It is well worth considering strict liability - that is, liability even in the absence of proof of fault -- for any institution that hides childhood sexual abuse by an employee, when that employee molests even one more child. The legal system needs to institute zero tolerance for those who craft the conditions for such abuse.
When institutions learn of abuse, and don't act, no more proof than this should be necessary to hold them liable for additional abuse by the same perpetrator. They have already been negligent. They should be held legally responsible for what follows, for they have already aided and abetted it through their cover-up.
In a praiseworthy and moving development, the survivors of clergy abuse have started a political movement to find better legal protection for those who are sexually abused as children. The laws they have been advocating are not limited to the victims of clergy abuse.
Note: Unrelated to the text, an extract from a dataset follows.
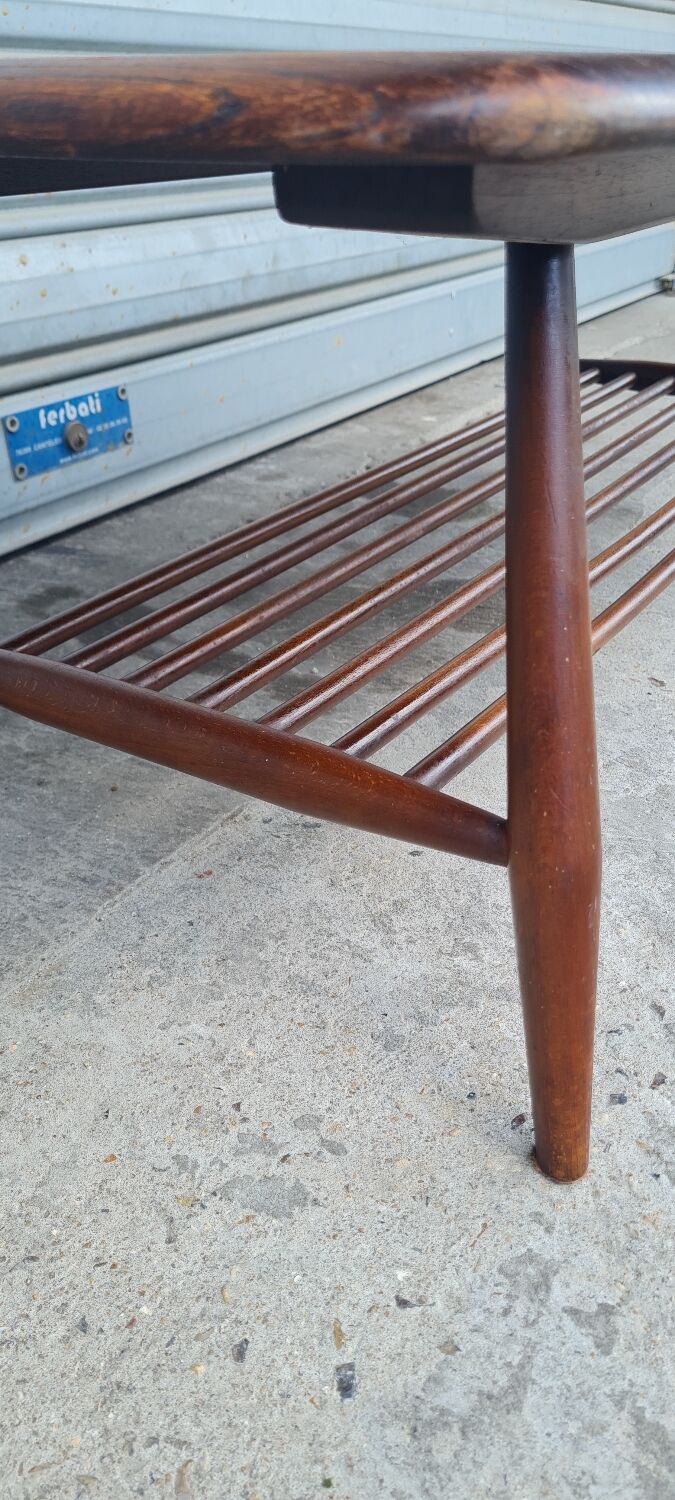 Scandinavian coffee table Ercol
Rather, they are leading the charge for all childhood sexual abuse victims. Plainly, these victims are willing to work to ensure that future children are not subjected to the kind of abuse that has marked their own lives forever.
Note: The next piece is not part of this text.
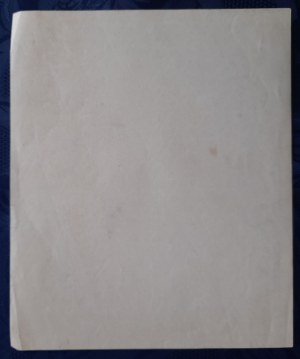 Skarżysko-Kamienna.Diploma of the Citizens' Committee for National Loan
Typically, the barriers to these reforms, sadly enough, are the religious institutions themselves. In California, the Catholic Church has been claiming that the window that aided all child abuse victims was an unconstitutional form of religious persecution.
Meanwhile, in other states, the Catholic Conference is floating the proposition that statutes of limitations should never be altered retroactively, because it is just "unfair" to the defendant. What both sides know, though, is that there is little hardship to any institution being sued for abuse by its employees, because the files themselves will usually tell the story and foreshorten both discovery and any trial. And it is hardly unfair to subject an institution to liability when the proof is right there.
Each state legislature has a clear choice before it: Either abolish the statutes of limitations, create "windows," and/or introduce new tort causes of action, or permit the same regime to be perpetuated that compounds the misery already inflicted by the sexual perpetrator. This is not a choice between victims and any church. It is a choice between justice and legal neglect.
Lady Justice, fortunately, is blind. She has two sides to her scale. On one side, sits the accumulated suffering of all such victims - the mental breakdowns, the divorces, the substance abuse, and the suicides. On the other, are the defendants who may now be forced to take responsibility for knowingly placing pedophiles in positions with access to children.
She does not need to know the identity of the parties to know which side is the side of the angels.